We were back to my shop within four hours and the rain had stopped. Unloading was a breeze with a dump truck! But the wood was quite dirty, having been sawn in the woods, and was covered in sticky wet sawdust. So I decided to hose it all down to clean it up. The oak was already staining from contact with the steel saw blade, and maple develops blue stain if it stays damp for too long, so I think that cleaning it up is a wise move since the surface will dry so much quicker. It was a lovely warm day, 18'C, and a strong wind was drying the surface of the wood quite quickly. We don't get many T-shirt days in November, so it was nice to be working outside.

That green lumber was heavy though, so I was glad to take a break from my labours. At 2pm I had to go and meet a business advisor from Pictou Regional Development Commission. I am thinking about changing the name of my business, and I wanted to talk it through with someone to see if its a totally crazy scheme or not. It was a very useful exercise, and she is going to do some research on my behalf. We met at my local library which has office space available, a very useful facility that several organisations use as satellite office.

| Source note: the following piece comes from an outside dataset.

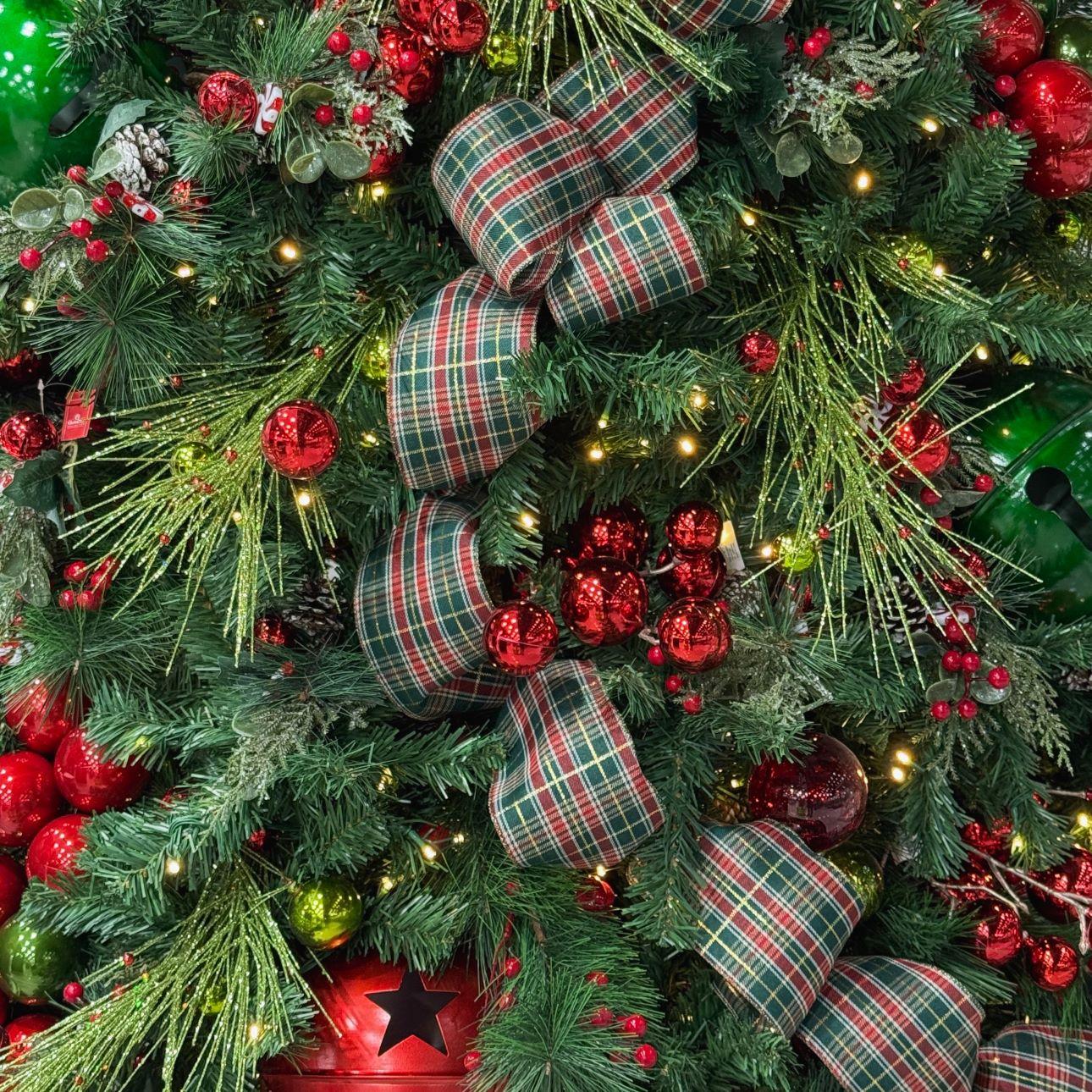 Οι καρό κορδέλες στο χριστουγεννιάτικο δέντρο και στο σπίτι είναι χαρακτηριστικές της τάσης/ Φωτογραφία: Shutterstock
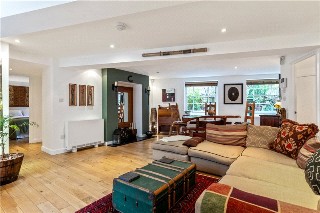 Kennington Park Road, London, SE11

After that I returned home to find the wood quite dry, so I carried it all into the workshop and stickered it. I still have to trim the ends of the boards and endseal them to prevent them from cracking. Then they will be stickered in the storage area until they are air dried (<18% EMC), at which point they can go into the kiln or dry room, but that is months away yet.

Then it was time for a quick walk with the dogs. They had missed their morning walk since it was dark when I left home this morning. But we only had time for a short walk before I headed back to the libray again. This time it was to meet delegates from the C@P Summit which is taking place in Pictou. Although not strictly a business meeting, I had supplied the conference with bottle stoppers for the delegates goody bags, so I wanted to help out in return.

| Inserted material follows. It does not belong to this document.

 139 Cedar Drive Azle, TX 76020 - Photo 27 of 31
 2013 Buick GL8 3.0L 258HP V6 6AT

Tomorrow I still have a bunch of smaller pieces of wood to sort through and process, but I think the really hard work is done.

Tuesday, November 18, 2003

Busy, busy, busy

I can't believe it's been nearly a month since I last blogged! But it has been craftshow season. That and a short notice order for personalised bottle stoppers has kept me pretty busy. But that is all behind me now. My last show was last weekend, and I delivered the bottle stoppers yesterday morning. The rest of the day was spent in the woods getting some hardwood lumber sawn to my specifications. It was a glorious day considering it is the middle of November.

The fellow who owned the logs had a friend with a portable bandsaw mill come and cut the wood. Those machines are pretty neat. Most of the log handling is done by hydraulics, turning the log to the required orientation and clamping it in place while the bandsaw makes a one-eighth cut along its length. By mid afternoon I had several hundred board feet of maple, oak, white ash and black cherry stacked ready for collection. I have someone with a truck lined up to go collect it with me on Thursday. I just hope its still there!

Today I have been tidying up the shop, moving things around to make space for all this green lumber. My usual drying procedure involves air drying in the shop, then out to the solar kiln, then back into the dry room to get it down to its final 8% moisture content. Its quite a bit of handling, and could probably be made more efficient. Maybe oneday. In the meantime it keeps me fit.